Here’s my beef. Look up all the uses of “overcome” in the New Testament (or just click here) and read through the passages. All the talk about “morning into dancing” (which is a good biblical message in context—read Psalm 30) has nothing to do with overcoming. Overcoming is much more ominous in tone.
John repeats the phrase, “overcome(s) the world” three times in three consecutive sentences. It’s worth looking into what he’s really talking about.
The direct object of the verb “overcome” is “the world.” We know that God loved it (John 3:16), yet back in 1 John 2:15 we’re told explicitly not to love the world. Clearly the word “world” refers to more than one thing. In one sense, God created the world and called it “good.” Despite the corrupting influence of sin, Jesus still loved this world enough to give his life to see all creation reconciled to himself.

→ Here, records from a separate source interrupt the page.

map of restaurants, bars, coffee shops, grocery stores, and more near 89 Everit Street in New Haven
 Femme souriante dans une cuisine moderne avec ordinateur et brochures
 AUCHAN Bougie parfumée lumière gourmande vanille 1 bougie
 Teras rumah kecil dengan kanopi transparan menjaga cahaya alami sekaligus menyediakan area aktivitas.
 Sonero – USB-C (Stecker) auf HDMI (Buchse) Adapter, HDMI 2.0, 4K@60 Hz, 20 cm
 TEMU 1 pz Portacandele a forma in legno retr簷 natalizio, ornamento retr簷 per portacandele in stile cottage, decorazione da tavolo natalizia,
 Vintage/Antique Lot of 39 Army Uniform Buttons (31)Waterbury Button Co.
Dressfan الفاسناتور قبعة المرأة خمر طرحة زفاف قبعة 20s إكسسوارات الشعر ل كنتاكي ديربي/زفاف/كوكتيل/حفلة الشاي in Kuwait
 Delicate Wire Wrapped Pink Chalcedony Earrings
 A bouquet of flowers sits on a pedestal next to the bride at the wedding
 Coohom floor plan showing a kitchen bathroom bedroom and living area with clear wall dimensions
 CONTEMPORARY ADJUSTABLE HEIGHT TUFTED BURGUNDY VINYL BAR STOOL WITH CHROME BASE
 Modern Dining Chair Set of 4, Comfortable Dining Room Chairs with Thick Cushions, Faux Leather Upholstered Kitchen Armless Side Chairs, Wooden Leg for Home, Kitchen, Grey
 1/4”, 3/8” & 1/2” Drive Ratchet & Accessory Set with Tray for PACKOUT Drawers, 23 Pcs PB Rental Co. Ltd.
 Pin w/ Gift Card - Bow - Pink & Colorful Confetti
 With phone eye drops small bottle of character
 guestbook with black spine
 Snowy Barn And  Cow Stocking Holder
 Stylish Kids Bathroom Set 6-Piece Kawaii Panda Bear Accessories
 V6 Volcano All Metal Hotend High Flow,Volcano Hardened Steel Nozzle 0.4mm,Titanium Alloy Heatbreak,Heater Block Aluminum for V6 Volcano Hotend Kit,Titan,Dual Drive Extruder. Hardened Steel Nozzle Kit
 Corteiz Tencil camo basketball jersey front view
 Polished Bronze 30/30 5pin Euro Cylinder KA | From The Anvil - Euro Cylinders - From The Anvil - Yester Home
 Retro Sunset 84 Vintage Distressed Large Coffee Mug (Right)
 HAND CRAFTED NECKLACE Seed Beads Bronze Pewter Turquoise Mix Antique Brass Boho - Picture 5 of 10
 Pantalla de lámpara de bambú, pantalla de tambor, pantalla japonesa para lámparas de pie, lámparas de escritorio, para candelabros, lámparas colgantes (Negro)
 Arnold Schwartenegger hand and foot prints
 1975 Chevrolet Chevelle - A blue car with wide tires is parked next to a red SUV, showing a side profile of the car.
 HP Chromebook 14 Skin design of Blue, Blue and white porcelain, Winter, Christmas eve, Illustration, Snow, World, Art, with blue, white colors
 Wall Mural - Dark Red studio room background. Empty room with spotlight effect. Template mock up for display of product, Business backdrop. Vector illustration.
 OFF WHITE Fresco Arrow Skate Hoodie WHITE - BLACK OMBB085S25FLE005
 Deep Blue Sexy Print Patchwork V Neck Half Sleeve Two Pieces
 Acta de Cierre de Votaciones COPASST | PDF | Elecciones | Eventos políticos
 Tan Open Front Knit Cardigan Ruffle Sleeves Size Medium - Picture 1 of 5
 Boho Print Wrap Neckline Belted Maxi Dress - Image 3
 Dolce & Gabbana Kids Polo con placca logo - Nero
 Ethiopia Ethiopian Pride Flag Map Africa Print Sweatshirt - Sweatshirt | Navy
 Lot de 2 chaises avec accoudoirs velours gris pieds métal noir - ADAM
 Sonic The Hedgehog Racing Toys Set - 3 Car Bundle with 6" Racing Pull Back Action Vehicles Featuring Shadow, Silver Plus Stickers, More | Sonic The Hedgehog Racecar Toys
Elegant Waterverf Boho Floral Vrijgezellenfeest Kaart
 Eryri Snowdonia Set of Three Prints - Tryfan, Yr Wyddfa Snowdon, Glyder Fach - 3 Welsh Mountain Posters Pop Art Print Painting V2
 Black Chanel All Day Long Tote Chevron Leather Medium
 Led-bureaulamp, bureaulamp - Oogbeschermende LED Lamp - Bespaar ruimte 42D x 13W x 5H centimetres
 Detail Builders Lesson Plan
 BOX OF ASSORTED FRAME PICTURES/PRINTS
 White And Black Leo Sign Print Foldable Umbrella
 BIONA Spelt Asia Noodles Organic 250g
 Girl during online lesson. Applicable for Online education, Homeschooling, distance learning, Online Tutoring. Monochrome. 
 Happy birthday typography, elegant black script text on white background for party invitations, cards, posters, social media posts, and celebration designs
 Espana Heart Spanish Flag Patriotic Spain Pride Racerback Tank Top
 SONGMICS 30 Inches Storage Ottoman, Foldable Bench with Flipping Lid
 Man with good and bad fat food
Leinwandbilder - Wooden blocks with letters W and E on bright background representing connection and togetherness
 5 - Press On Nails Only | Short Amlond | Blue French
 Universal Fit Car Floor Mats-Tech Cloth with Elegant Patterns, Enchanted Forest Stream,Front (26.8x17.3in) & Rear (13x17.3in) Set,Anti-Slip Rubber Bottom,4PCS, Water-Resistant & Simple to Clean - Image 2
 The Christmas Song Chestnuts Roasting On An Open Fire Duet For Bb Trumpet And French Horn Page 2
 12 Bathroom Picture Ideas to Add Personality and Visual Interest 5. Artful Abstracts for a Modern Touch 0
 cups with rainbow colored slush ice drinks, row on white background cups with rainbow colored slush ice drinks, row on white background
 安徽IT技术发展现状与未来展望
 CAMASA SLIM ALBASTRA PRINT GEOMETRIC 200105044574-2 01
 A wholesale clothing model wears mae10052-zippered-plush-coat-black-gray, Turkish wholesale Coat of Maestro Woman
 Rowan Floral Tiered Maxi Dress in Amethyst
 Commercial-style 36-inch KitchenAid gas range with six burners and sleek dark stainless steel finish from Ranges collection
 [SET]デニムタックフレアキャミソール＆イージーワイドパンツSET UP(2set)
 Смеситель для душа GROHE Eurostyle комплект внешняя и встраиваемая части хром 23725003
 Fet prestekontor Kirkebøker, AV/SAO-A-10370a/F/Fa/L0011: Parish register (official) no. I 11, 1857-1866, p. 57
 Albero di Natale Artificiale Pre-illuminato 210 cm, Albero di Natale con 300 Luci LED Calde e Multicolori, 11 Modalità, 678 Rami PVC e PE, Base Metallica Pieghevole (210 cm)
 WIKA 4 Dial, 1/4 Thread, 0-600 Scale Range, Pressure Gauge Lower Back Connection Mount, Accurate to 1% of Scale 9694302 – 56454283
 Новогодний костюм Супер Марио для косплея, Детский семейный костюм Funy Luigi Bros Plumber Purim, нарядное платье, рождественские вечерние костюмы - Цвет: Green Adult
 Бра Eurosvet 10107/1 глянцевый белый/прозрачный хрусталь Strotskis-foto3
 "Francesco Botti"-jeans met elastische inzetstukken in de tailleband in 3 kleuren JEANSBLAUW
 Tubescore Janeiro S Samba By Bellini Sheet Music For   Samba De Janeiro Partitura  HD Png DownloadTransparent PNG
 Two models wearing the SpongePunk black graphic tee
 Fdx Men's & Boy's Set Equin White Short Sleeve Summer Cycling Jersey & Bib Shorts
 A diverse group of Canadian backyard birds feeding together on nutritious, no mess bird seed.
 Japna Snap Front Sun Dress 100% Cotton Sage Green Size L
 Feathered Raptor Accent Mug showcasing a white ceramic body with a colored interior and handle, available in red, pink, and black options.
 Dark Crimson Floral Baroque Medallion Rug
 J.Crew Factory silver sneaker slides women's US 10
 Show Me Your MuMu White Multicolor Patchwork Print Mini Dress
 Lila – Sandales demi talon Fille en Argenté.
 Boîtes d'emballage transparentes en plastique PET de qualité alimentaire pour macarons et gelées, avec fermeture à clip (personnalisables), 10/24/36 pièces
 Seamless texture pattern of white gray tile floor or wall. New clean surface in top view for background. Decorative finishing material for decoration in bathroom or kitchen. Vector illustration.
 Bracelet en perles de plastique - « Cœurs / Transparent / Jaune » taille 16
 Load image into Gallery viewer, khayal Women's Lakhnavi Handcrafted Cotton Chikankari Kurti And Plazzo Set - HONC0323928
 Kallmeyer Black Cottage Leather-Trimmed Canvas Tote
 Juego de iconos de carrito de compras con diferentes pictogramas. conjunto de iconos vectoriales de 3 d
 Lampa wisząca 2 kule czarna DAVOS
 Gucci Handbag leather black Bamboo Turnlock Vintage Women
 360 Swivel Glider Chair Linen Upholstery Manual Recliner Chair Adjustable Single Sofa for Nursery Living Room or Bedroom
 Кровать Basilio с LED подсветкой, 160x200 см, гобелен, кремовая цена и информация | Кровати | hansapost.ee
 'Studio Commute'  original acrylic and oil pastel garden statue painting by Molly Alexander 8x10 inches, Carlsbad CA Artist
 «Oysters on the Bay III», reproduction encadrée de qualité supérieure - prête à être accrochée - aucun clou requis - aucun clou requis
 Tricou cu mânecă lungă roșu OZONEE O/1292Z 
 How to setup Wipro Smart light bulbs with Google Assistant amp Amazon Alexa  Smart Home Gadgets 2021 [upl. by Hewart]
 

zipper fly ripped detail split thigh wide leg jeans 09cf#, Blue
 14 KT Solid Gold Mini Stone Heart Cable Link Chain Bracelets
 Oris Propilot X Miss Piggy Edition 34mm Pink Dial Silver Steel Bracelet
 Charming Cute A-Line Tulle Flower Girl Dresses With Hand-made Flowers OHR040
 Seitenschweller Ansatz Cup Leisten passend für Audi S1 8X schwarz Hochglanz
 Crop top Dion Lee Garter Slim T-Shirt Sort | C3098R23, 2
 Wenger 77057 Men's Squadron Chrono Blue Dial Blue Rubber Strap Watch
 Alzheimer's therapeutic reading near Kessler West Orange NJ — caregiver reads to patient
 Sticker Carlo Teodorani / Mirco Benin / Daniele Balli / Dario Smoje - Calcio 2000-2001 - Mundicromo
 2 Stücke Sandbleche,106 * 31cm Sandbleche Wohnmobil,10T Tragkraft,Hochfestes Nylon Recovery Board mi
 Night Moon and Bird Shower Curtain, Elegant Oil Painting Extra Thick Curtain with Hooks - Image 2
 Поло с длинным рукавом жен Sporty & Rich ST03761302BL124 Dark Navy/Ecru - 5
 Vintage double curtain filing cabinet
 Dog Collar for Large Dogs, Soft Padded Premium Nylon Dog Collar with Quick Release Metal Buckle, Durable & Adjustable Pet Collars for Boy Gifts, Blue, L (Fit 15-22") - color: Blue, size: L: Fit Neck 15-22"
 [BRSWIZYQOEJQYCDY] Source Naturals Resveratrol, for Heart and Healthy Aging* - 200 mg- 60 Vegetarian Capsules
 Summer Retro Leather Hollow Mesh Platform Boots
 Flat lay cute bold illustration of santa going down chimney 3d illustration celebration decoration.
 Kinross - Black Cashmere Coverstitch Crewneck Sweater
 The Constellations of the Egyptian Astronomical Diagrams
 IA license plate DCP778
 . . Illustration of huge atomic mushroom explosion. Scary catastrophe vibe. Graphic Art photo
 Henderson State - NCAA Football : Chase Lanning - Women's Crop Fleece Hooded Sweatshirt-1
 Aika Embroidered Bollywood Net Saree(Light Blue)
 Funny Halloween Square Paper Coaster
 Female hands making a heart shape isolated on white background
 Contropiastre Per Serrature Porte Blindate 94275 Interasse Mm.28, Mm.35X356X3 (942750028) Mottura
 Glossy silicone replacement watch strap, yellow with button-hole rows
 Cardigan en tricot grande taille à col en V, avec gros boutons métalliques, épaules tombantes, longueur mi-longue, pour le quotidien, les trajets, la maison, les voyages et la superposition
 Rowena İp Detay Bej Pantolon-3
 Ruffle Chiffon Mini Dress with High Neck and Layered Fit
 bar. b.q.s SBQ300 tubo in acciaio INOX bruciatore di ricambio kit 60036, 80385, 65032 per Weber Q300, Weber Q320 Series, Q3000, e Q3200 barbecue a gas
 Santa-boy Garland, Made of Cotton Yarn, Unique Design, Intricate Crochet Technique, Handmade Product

The “world” John is referring to here—that which we are not to love, that which we have overcome—is “worldly attitudes and values that are opposed to God” (Kruse 172). Just as the term “flesh” in scripture can refer to the skin on my body or human nature turned away from God, “world” can be viewed in a positive or negative light.
How, then, have we overcome the world? How do we continue to overcome?
This Is How We Overcome
In John’s gospel, he records chapters worth of teaching and prayer that Jesus gave to his disciples before he was betrayed in the garden. Among that teaching is a challenging yet comforting word:
I have said these things to you, that in me you may have peace. In the world you will have tribulation. But take heart; I have overcome the world. (John 16:33 ESV)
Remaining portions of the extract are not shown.